En la entrevista publicada por El Español, Ander Illarramendi revive con serenidad imposible el momento en que recibió la confirmación oficial de la muerte de su hermano y su cuñada, ambos residentes en el kibutz Kissufim, a escasos dos kilómetros de la frontera con Gaza.
Israel solo pudo entregar a la familia “cenizas, dos huesos y un piercing”.
“A mi hermano y a su mujer no los reconocimos. No quedó nada”, confiesa Ander.
“Parte de sus restos están en Zarautz y parte en Israel, junto al kibutz donde murieron.”
El tono del relato alterna entre la ternura del recuerdo y la indignación ante lo que considera una memoria selectiva de lo ocurrido:
“En España se ha dado la vuelta al relato. Todo el mundo se ha vuelto propalestino. Mi hermano no era judío, era vasco. Pero lo asesinaron igual.”
Crítica directa al Gobierno de Pedro Sánchez
El hermano de Iván agradece el apoyo inicial de las instituciones españolas tras el ataque, pero muestra una profunda decepción con el giro diplomático del Ejecutivo de Sánchez.

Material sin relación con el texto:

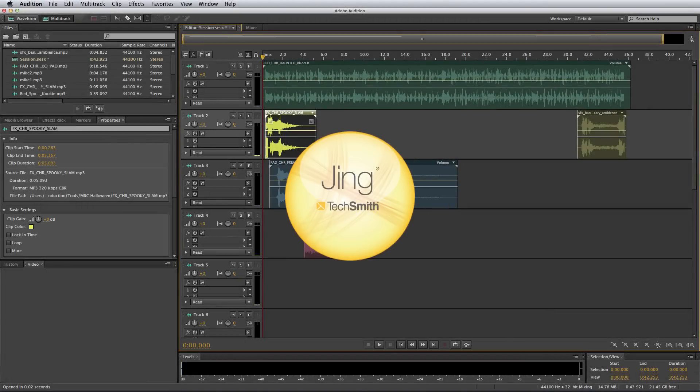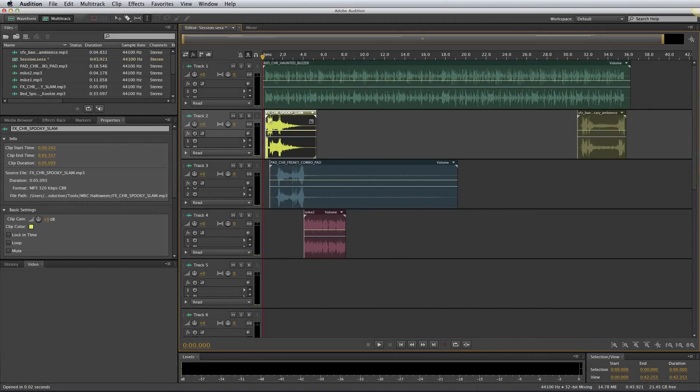Hello, this is Mike Russell from MusicRadioCreative.com, and I wanted to show you the software I use to record my computer screen with sound for free. When I make my Adobe Audition tutorials, I always use the paid Camtasia for Mac, which has far more advanced features.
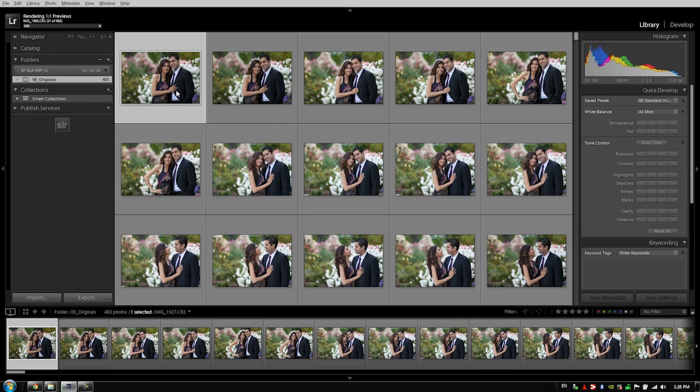So if you don't render those prior to working in the develop module, then Lightroom will pause as you go from image to image to render each one as you are working, which is going to slow things down tremendously.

“Al principio se volcaron con nosotros. Pero ahora la postura del Gobierno no es la más amistosa. Pedro Sánchez va a su interés. Ha cerrado puertas y ha dejado a las víctimas solas.”

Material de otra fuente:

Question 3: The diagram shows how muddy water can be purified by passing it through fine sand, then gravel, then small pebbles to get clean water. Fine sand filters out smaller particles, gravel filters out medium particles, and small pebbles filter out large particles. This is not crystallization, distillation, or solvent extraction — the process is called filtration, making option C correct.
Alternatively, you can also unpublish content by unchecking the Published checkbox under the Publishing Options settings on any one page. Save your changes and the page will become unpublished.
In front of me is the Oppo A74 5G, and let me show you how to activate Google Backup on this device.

La familia Illarramendi, junto a los allegados de la joven sevillana Maya Villalobo —también asesinada por Hamás aquel día—, mantiene una querella ante la Audiencia Nacional contra varios líderes de la organización islamista.
“Mi hermano acogía a niños palestinos: el relato está manipulado”
El testimonio de Ander desmonta los clichés:
“En casa acogíamos a niños palestinos. Mi hermano no miraba colores ni banderas. Estaba a favor de Palestina, pero no de Hamás. Ahora se confunde todo: se habla de genocidio, pero el genocidio fue el 7 de octubre.”
También apunta a lo que considera una desinformación generalizada:
“En Israel viven dos millones de palestinos. Si quisieran exterminarlos, no estarían allí. Los propios gazatíes piden que los libren de Hamás.”
El tono no es político, sino moral. Habla un hermano que carga con una verdad incómoda: la de quien perdió a un ser querido en una masacre que el mundo parece haber relegado al olvido.
“Lo que no se ve también fue un crimen”
La entrevista es, sobre todo, una llamada de atención sobre el poder del relato y la fragilidad de la memoria.
En medio del debate internacional sobre Gaza, Ander Illarramendi recuerda que su hermano fue víctima del mismo grupo que hoy algunos justifican.
“No hubo marchas, no hubo pancartas. Solo silencio. Pero nosotros seguimos aquí.”